Britten was in the USA when war broke out, but in 1941, against advice for his own safety, he sailed back to England in a naval convoy. Being a pacifist, he registered as a conscientious objector, but put his skills to work in this way. The incidental music for these programmes, broadcast from a secret location (actually the BBC’s Maida Vale studios), resulted.

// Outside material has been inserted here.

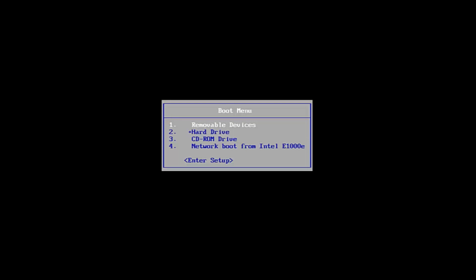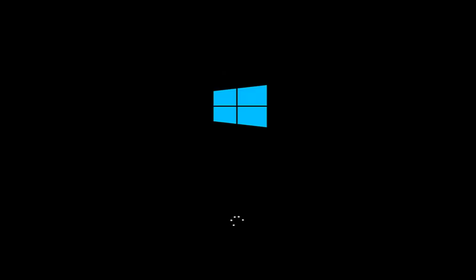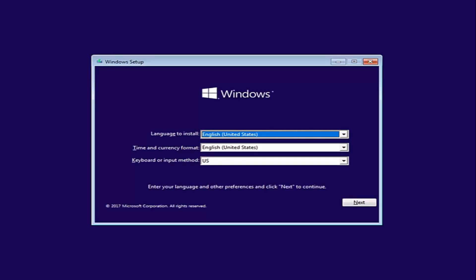So without further ado, let's say you've already have the DVD burned and you're on the boot menu here. I'm going to be booting off of the Windows 10 media creation utility that I created, and I'm going to press any key to boot off of that device. Okay, so for Windows setup here, you want to left click on the next button.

The astonishing first movement out-Boleros Bolero
Apart from the novelty, was it worth reviving it? On the whole, yes, not especially for the music but to recapture a landmark in radio. Essentially, the music punctuated the script, in which an American journalist in England tells of the way the war is affecting ordinary people. He describes Manchester, its building “blackened by greed”. He talks about the escalators “to hell” in the London Underground. And he tells how in this war women don’t stay at home, but do what was previously men’s work and do it better, working as welders and bus conductors, working in the factories and on the land and so on. So, it recaptures that time and the words prompt the music, which is picturesque, tune-filled, descriptive and often triumphal. Stiff upper lip and all that.
Interestingly, that RAF band had two outstanding horn players: Norman Del Mar and the 21-year-old Dennis Brain (pictured right). Britten wrote a solo for Brain in Women in Britain and that led him later to write the Serenade for Tenor, Horn and Strings for him.
The programmes were first broadcast in August 1942, three days after Shostakovich’s Seventh Symphony, the Leningrad, was first heard by the survivors of that besieged city. With an enlarged orchestra, including a battery of brass on the balcony behind, Sir Mark Elder was in his element in a work of this scale. He punched the air with his left hand like a southpaw landing a sucker punch – and the brass roared out. He produced a full, free and yet disciplined performance.
Being under the spell of the music, you have to keep reminding yourself that Shostakovich was trying to capture the awful loss of life and suffering during the siege. Of course, later he said that he wrote it as a cri de coeur against Stalin’s atrocities.
Originally, Shostakovich labelled the four movements War, Reminiscence, Russian Vastness and Victory. No matter, the first long movement is astonishing. It out-Boleros Bolero and the effect of military threat is dramatic. Elder captured the feeling of the slow movement particularly well. The big statement with the horns, sounding like an organ, moves into a gentler mood with double harp, lower strings and flute over plucked accompaniment. We’re being given a vision of the city at twilight.
As the end approaches, we sense that dreadful loss will be overcome. Elder drove his players to a build-up of energy to full throttle, urgent, climactic, martial and, yes, victorious. A thrilling start to the new season.